The trial court's fundamental error is in the conclusion last above quoted. These parties were dealing at arm's length incident to a project which all parties knew required skill in its performance. The State should not be penalized on the ground that plaintiff was not sufficiently skilled (as it now claims) to understand the technical notations on the plans and specifications as to soil notations. This record cannot be construed to sustain a conclusion that defendants or their employees were guilty of fraudulent concealment of any known fact which they were in duty bound to convey to prospective bidders. The trial court's decision in this respect was in error. This is true both because of the fact that these parties were dealing at arm's length, and especially because of the fact that the plans bore the notation hereinbefore quoted that:
"Soil notations shown on the plans are for information only and shall not be considered to relieve bidders of the responsibility to satisfy themselves, by examining the site of the proposed work, as to the actual soil conditions."
And further, as above noted, there was embodied in plaintiff's contract the provision of the standard specifications of the Michigan State highway department:
"Bidders shall carefully examine the proposal, plans, * * * and inspect the site of the proposed work in order to satisfy themselves, by examination, as to all local conditions affecting the contract."

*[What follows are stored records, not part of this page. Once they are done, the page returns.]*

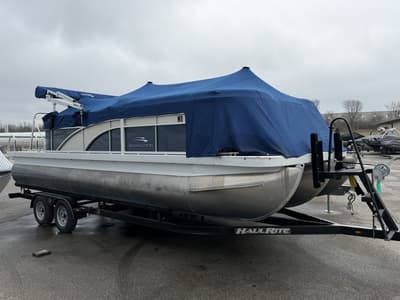 BOATZON | Bennington 22 SSLX 2014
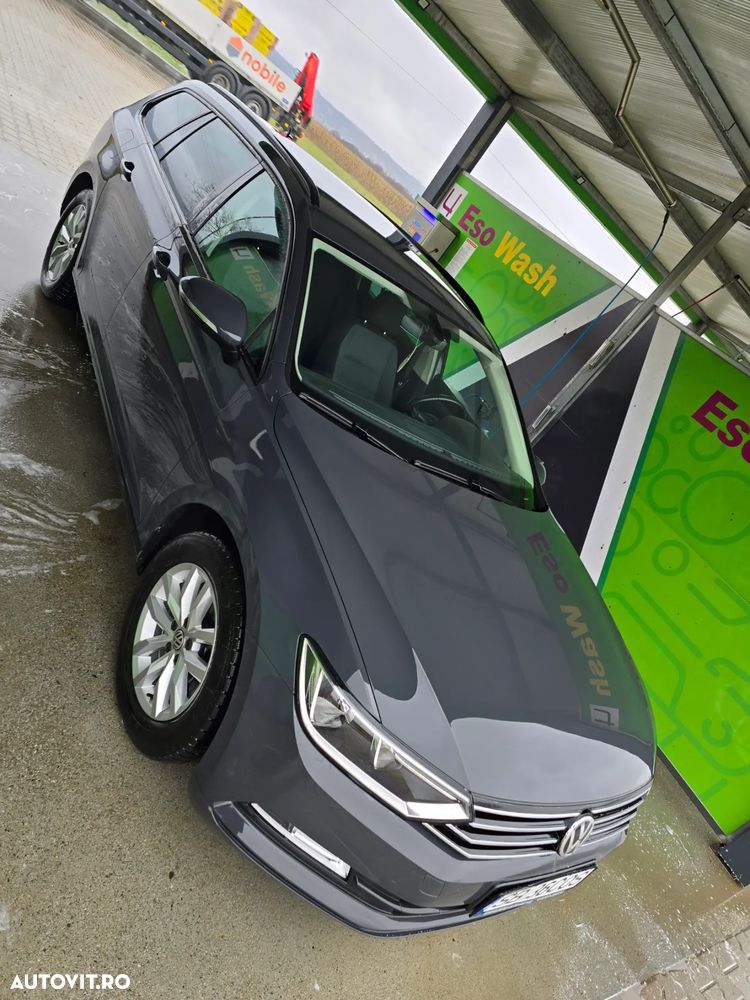 Volkswagen Passat 1.4 TSI Advance - 2
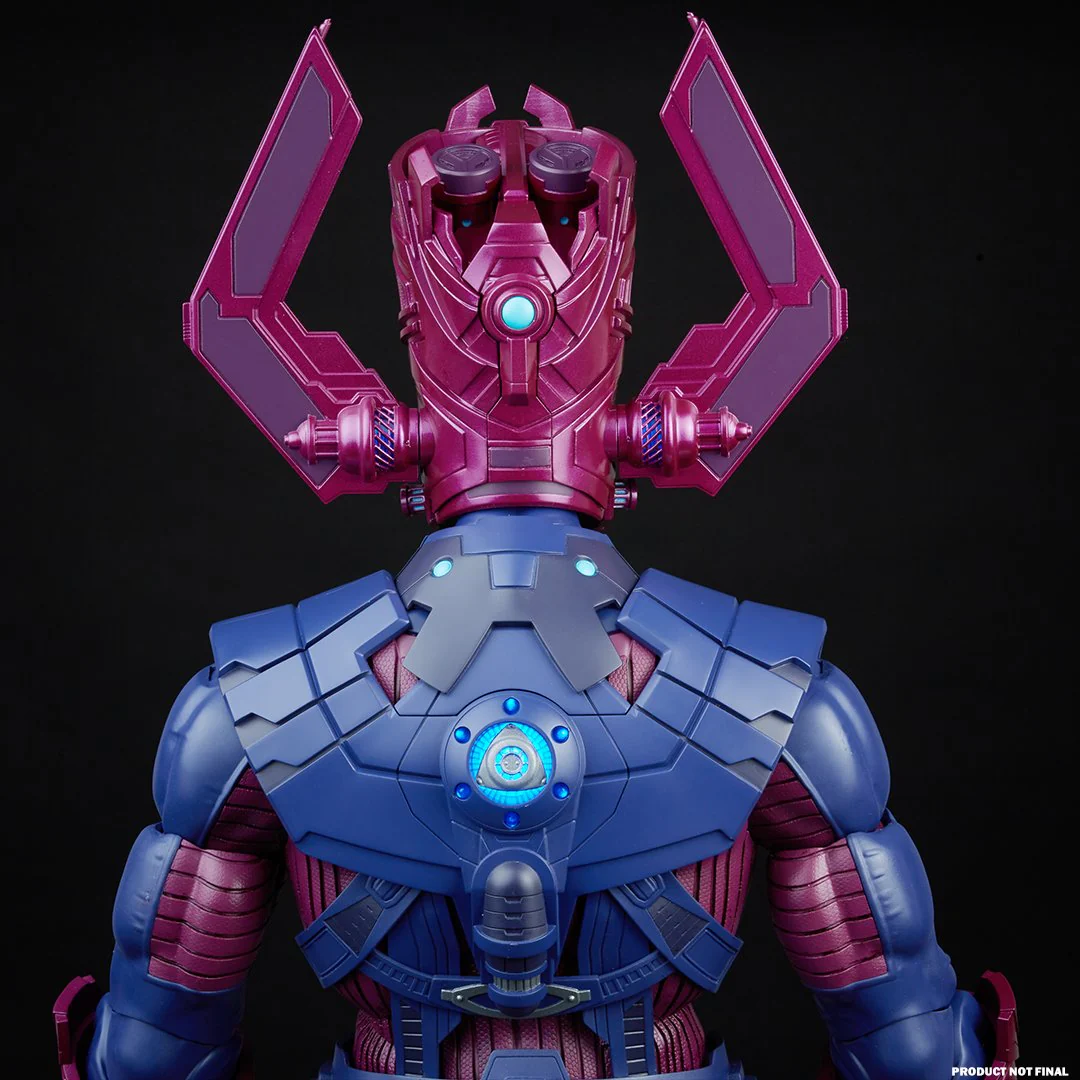 Marvel Legends Galactus Figure - Exclusive - Image 5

As quoted above from the court's opinion: "This action is planted on the theory of breach of warranty and breach of contract." Careful review of this record fails to disclose testimony from which it can be concluded that there was any warranty in the contract or any other phase of the contract which was breached by defendants. Plaintiff does not contend, nor could it, that it is entitled to recover against the State or its agencies in tort. This is true because of the State's nonliability in that type of action on the ground of sovereign immunity. In its legal aspect the instant case is in the same field and should be controlled by our decision in Atletwed v. City of Marysville, 295 Mich. 102, wherein the plaintiff contractor was denied right of recovery.
The judgment entered in the court of claims should be reversed without a new trial and with costs of both courts to defendants.
WIEST and BOYLES, JJ., concurred with NORTH, J.